(Short descriptive text snippets)
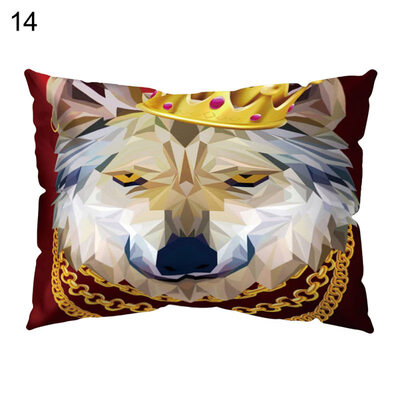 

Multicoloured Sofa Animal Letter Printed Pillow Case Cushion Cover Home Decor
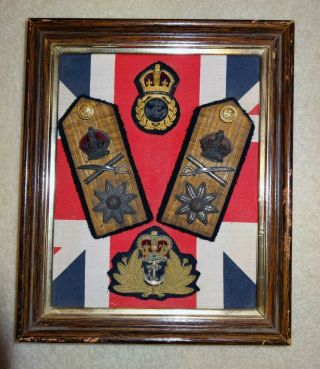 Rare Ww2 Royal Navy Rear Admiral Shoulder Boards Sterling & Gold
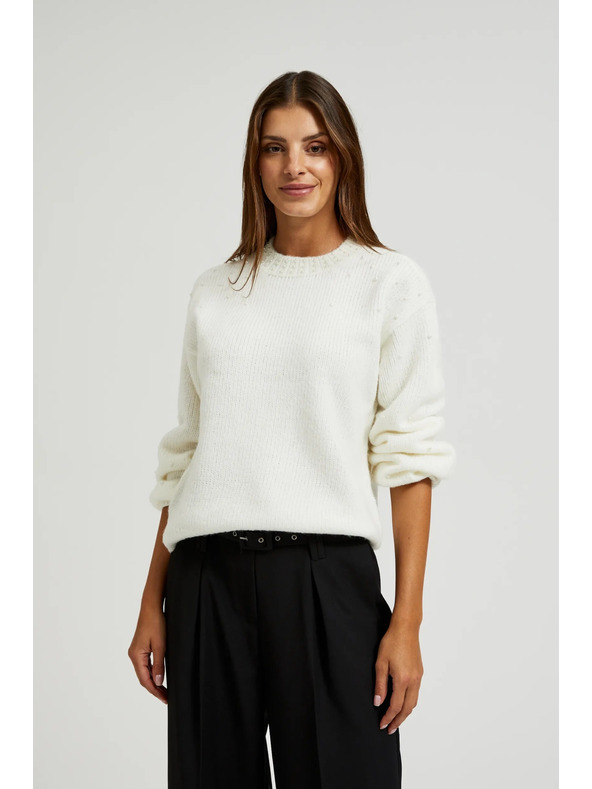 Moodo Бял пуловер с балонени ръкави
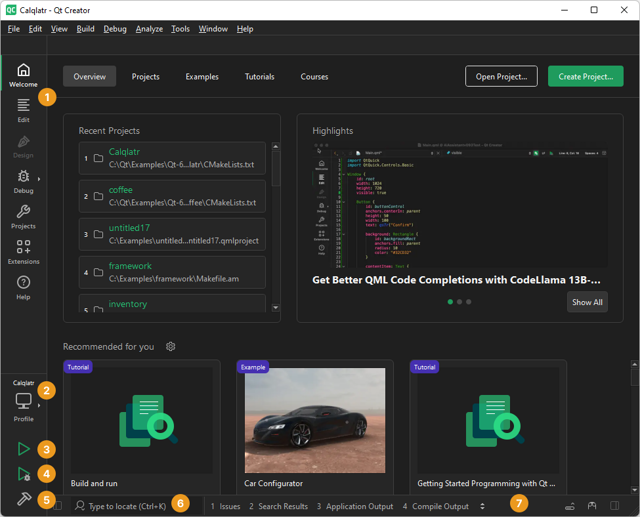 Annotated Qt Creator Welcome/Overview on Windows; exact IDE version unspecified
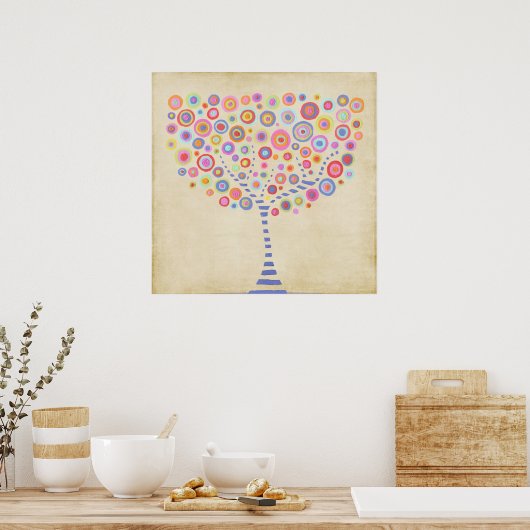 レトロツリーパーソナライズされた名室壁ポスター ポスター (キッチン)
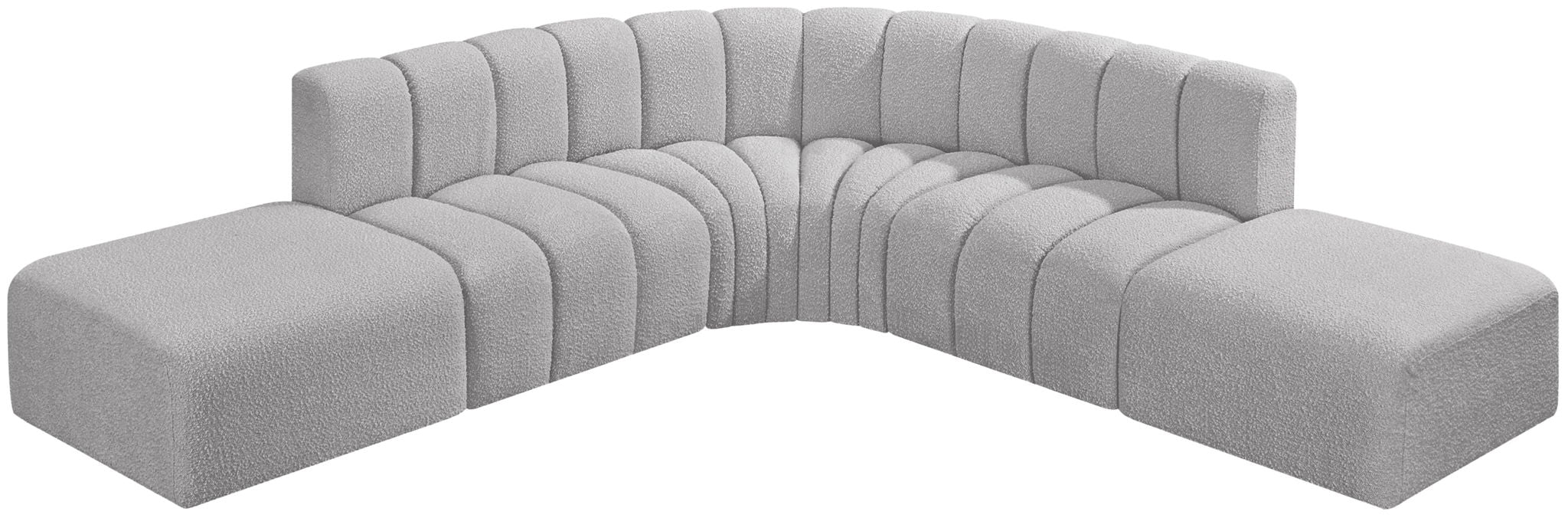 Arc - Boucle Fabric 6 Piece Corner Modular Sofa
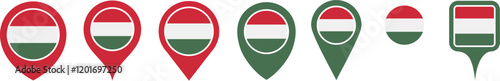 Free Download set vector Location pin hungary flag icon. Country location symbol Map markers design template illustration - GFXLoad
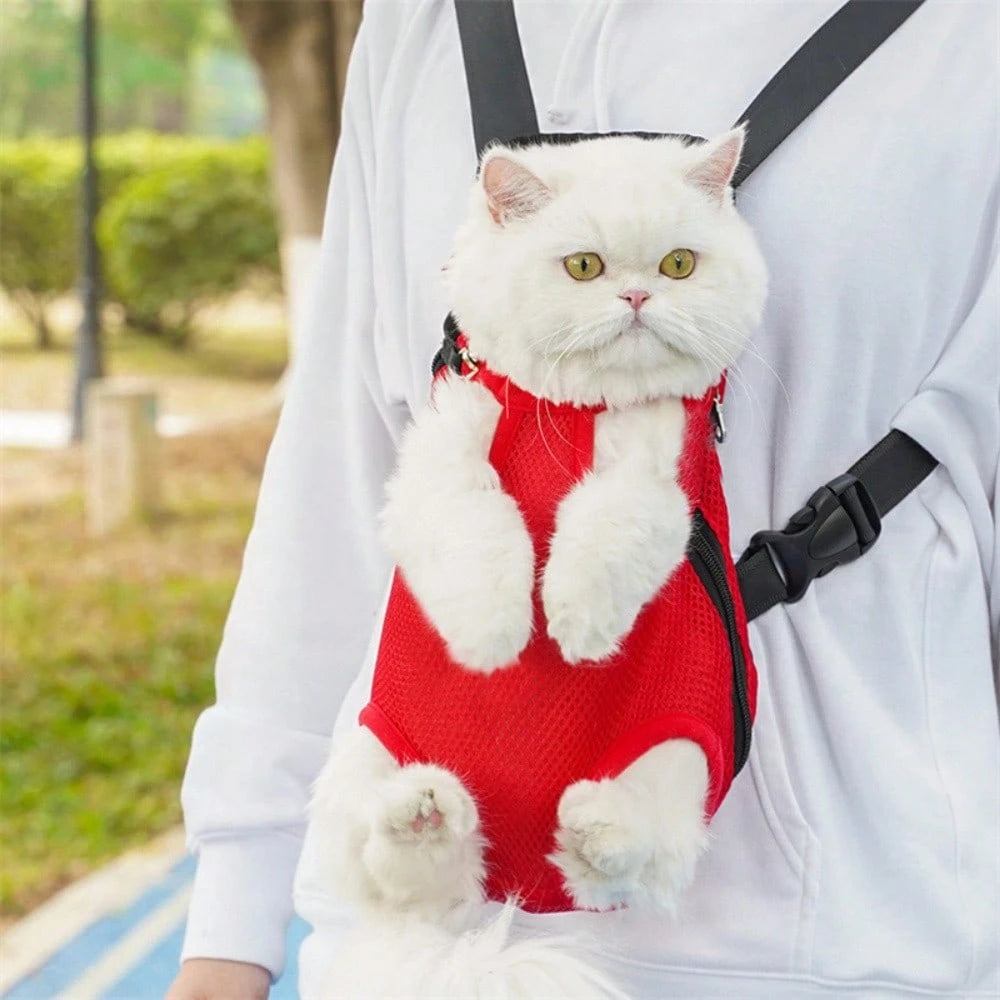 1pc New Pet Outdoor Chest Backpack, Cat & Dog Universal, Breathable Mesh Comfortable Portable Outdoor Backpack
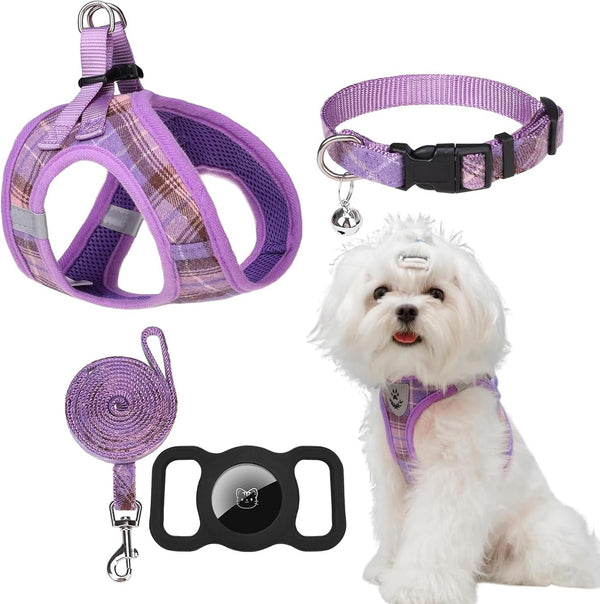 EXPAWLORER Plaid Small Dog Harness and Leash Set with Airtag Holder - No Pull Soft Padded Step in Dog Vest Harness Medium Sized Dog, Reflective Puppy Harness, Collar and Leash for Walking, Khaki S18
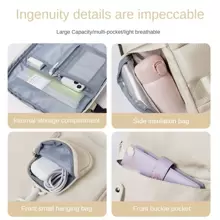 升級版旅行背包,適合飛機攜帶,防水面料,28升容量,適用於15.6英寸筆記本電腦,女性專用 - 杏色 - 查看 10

▶ **The problem**: Which lines run from the one containing "レトロツリーパーソナライズされた名室壁ポスター ポスター (キッチン)" to the end of the entries above? Write them out exactly, leaving out every picture.

▶ **Problem solution**:
 レトロツリーパーソナライズされた名室壁ポスター ポスター (キッチン)
 Arc - Boucle Fabric 6 Piece Corner Modular Sofa
 Free Download set vector Location pin hungary flag icon. Country location symbol Map markers design template illustration - GFXLoad
 1pc New Pet Outdoor Chest Backpack, Cat & Dog Universal, Breathable Mesh Comfortable Portable Outdoor Backpack
 EXPAWLORER Plaid Small Dog Harness and Leash Set with Airtag Holder - No Pull Soft Padded Step in Dog Vest Harness Medium Sized Dog, Reflective Puppy Harness, Collar and Leash for Walking, Khaki S18
 升級版旅行背包,適合飛機攜帶,防水面料,28升容量,適用於15.6英寸筆記本電腦,女性專用 - 杏色 - 查看 10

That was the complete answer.